Airbnb’s CEO and cofounder says the best advice he was ever given was ‘counterintuitive’ to what most people would tell you

Airbnb’s CEO and cofounder says the best advice he was ever given was ‘counterintuitive’ to what most people would tell you

Focusing too heavily on scaling a business may not be the best idea for entrepreneurs, according to Airbnb’s cofounder and CEO Brian Chesky.

In 2008, when Chesky and his Airbnb cofounders Nathan Blecharczyk and Joe Gebbia were seeking to raise money for their fledgling start-up, they approached more than a dozen Silicon Valley investors—all of whom turned their pitch down.

One of those investors told Chesky the market potential for Airbnb—which then went by Airbed & Breakfast—“did not seem large enough” for their required model.

“You can imagine they didn’t see travel, they saw strangers sleeping in other people’s homes,” Chesky told an audience at the Stanford Graduate School of Business. “The first investor Joe and I ever met was in a café, [he] walks in, goes to get a smoothie, he sits down, he’s drinking a smoothie, we’re pitching him. Halfway through the presentation he gets up because he has to move his car. We still haven’t seen him since.”

‘The best piece of advice I’ve ever gotten’

Airbnb was eventually accepted into venture capitalist Paul Graham’s famed start-up accelerator Y Combinator, despite skepticism from Graham himself.

“The first question Paul Graham asked me was, people are actually doing this?

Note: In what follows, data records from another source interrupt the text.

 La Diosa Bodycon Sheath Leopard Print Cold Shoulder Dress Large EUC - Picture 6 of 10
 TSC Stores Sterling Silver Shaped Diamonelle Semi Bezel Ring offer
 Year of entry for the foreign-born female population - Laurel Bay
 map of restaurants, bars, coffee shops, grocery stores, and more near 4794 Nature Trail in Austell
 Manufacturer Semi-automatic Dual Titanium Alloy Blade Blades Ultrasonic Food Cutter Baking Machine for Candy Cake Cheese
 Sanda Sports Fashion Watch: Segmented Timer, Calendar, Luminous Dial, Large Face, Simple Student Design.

And I said yes, so the second question was well, what’s wrong with them?” Chesky told the crowd.

At a Y Combinator event, however, Chesky said Graham gave him the best piece of advice he ever received.

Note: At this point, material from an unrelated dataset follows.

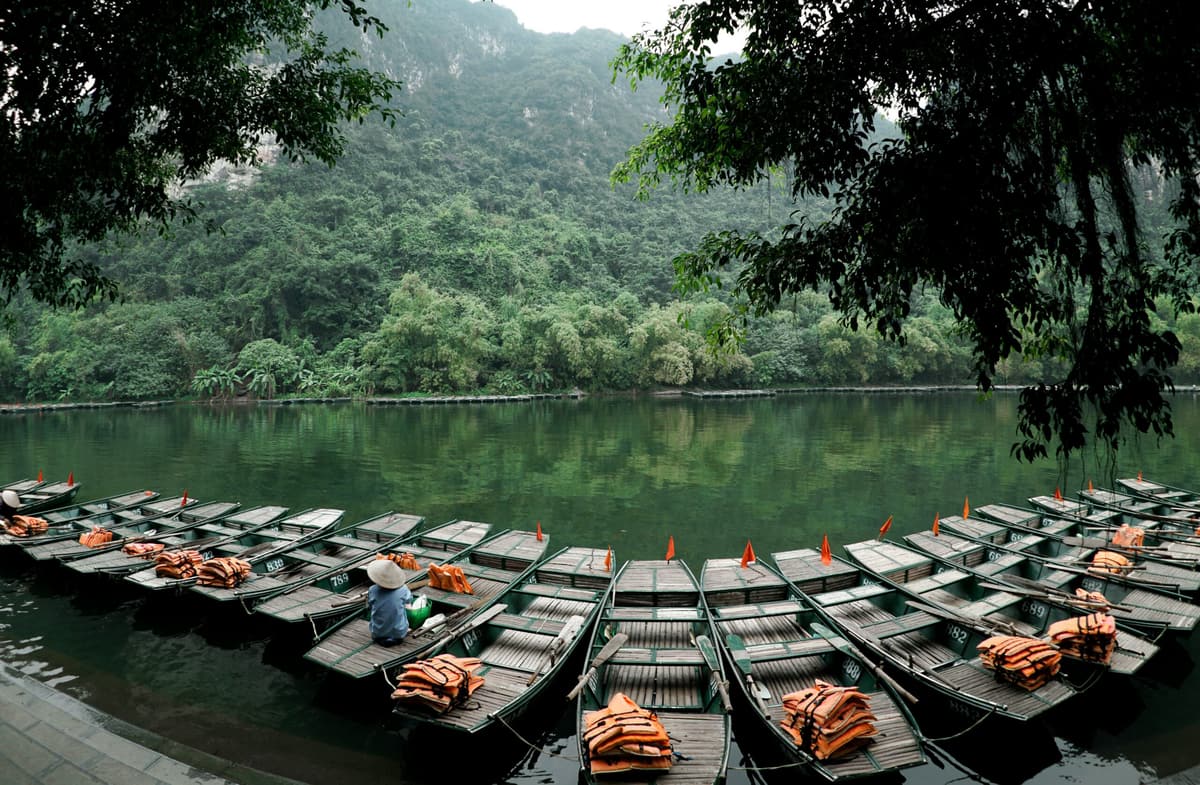 Rowing boats lined up at the river landing in Tam Coc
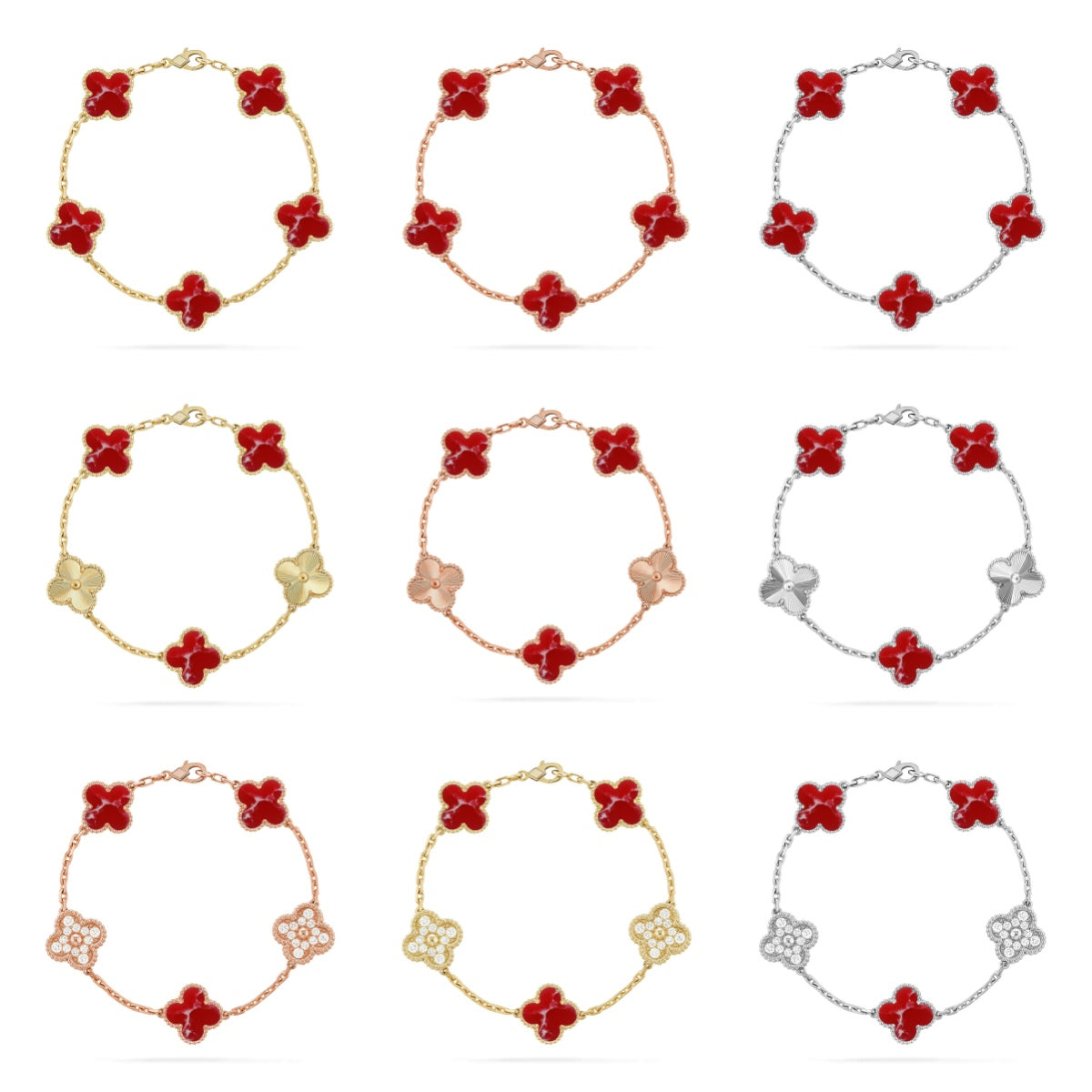 [Elara jewelsry ]CLOVER 5 MOTIF RED PATTERN BRACELET COLLECTION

“He said…focus on 100 people that love you, rather than getting a million people that kind of like you,” Chesky revealed. “And I think that was a profound piece of advice, and may have been the best piece of advice I’ve ever gotten.”

That’s not to say that many people would think to take such an approach, according to the Airbnb chief.

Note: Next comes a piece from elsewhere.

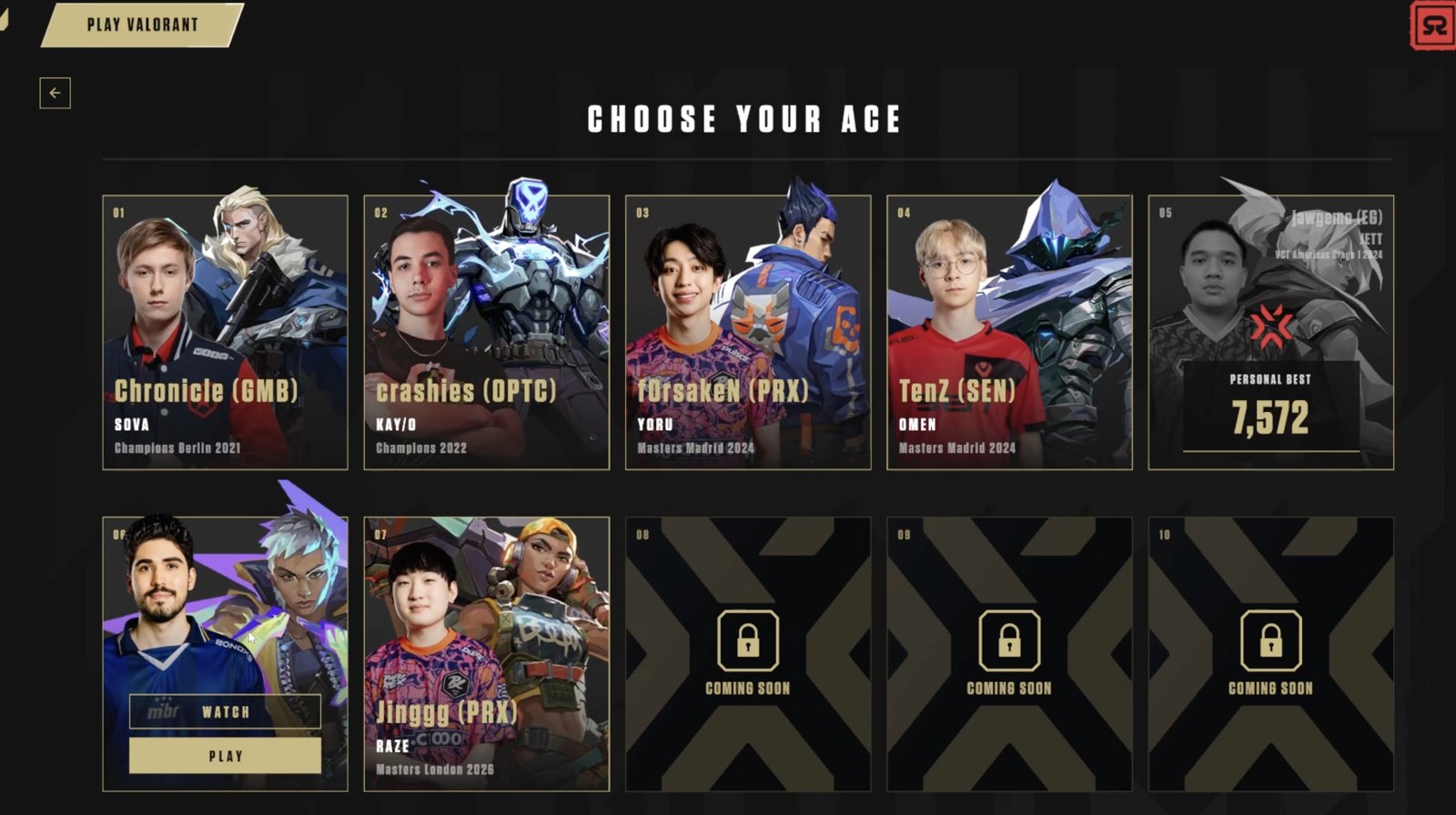 Valorant Aces choose your Ace screen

“It actually runs counterintuitive to almost everything that everyone says,” he added. “Everyone focuses on scale, but scale requires people to have a deep passion [for your product].”

Chesky said that when you focus on perfecting your offering for a small pool of people, “they become your marketing department, they tell other people.” It’s an approach that helped Airbnb grow rapidly in the decade after it was founded.

“Maybe can’t make an eight-, nine- or ten-star experience, but most people try to design something that’s just good enough,” Chesky continued. “But if you can add that sixth or seventh star, if you can design something really amazing and you use the part of your brain, the handcrafted part of your brain, to create that perfect experience, then you can reverse engineer how to industrialize this millions of times over. And what happens is people love your product and they tell everyone else about your product.”

Graham’s advice helped Airbnb’s founding team scale their business to what it is today—a platform with 6.6 million active listings worldwide that has facilitated 1.4 billion guest stays since its inception.

“Hilton was started in 1919, over 100 years ago,” Chesky said. “And we were able to have the entire growth of Hilton in 10 years. We had some marketing, but initially not a lot.”